May, who at six years is the longest-serving Home Secretary for a century, was a Remain supporter in the EU referendum but stayed on the sidelines enough to keep her powder dry and not antagonise the Leave camp.
She wrote in the Times that she can unite the party divided by the referendum and deal with its fallout, saying: "If you're from an ordinary, working-class family, life is just much harder than many people in politics realise."
In comments that may be interpreted as a dig at the frontrunner Boris Johnson, she added: "Frankly, not everybody in Westminster understands what it's like to live like this. And some need to be told that what the government does isn't a game."
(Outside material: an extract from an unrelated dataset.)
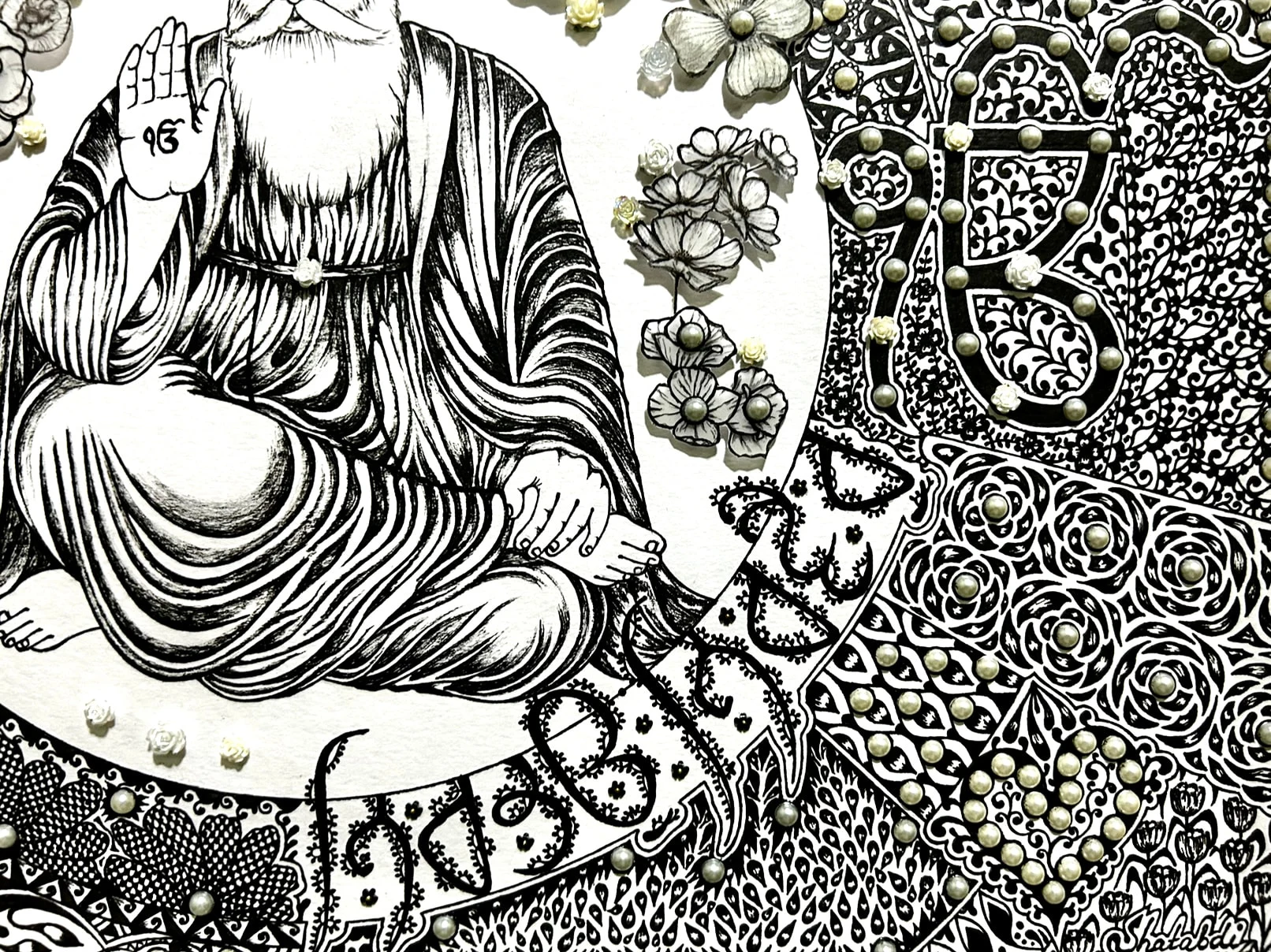 Close-up 2 of Guru Nanak by Shatabdi Mandal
She sought to ease concerns that only someone who backed Brexit can be the next prime minister by saying that she intended to create a new government department to deal with negotiations with the EU, to be led by a senior Secretary of State who campaigned for Leave.
A poll this week by YouGov for the Times put May 17 points ahead of Johnson, at 55%. A source close to the Home Secretary told the Telegraph that there was considerable ill-feeling among her supporters towards Johnson and that she would prefer to lose an election against him than do any deal with him.
"Boris has moved from being the Heineken politician to the Marmite politician. He is no longer a force for excitement. He is the most divisive person in British politics. As the pain bites people are going to blame him," the source said.
Ex-Defence Secretary Liam Fox and Work and Pensions Secretary Stephen Crabb are also candidates for the job which will be voted on by 125,000 Tory party members by 9 September.
Email by Michael Gove's wife
Johnson's campaign is being run by Justice Secretary Michael Gove, however an e-mail from his wife Sarah Vine to her husband suggested he should not guarantee his support for Johnson's leadership bid without a specific job offer.
The email read: "One simple message: you MUST have SPECIFIC from Boris OTHERWISE (sic) you cannot guarantee your support. The details can be worked out later on, but without that you have no leverage."
In a reference to the support required by Rupert Murdoch, of News UK, and Paul Dacre of the Daily Mail, she went on: "Crucially, the membership will not have the necessary reassurance to back Boris, neither will Dacre/Murdoch, who instinctively dislike Boris but trust your ability enough to support a Boris Gove ticket."
Meanwhile, the French finance minister Michel Sapin sounded a slightly more optimistic note about a compromise on freedom of movement in Brexit negotiations, telling BBC's Newsnight that everything would be on the table".
"Britain won't be in the same position as it was beforehand. Things will change. Things have already changed. We return to zero ... a clean slate", he told the programme.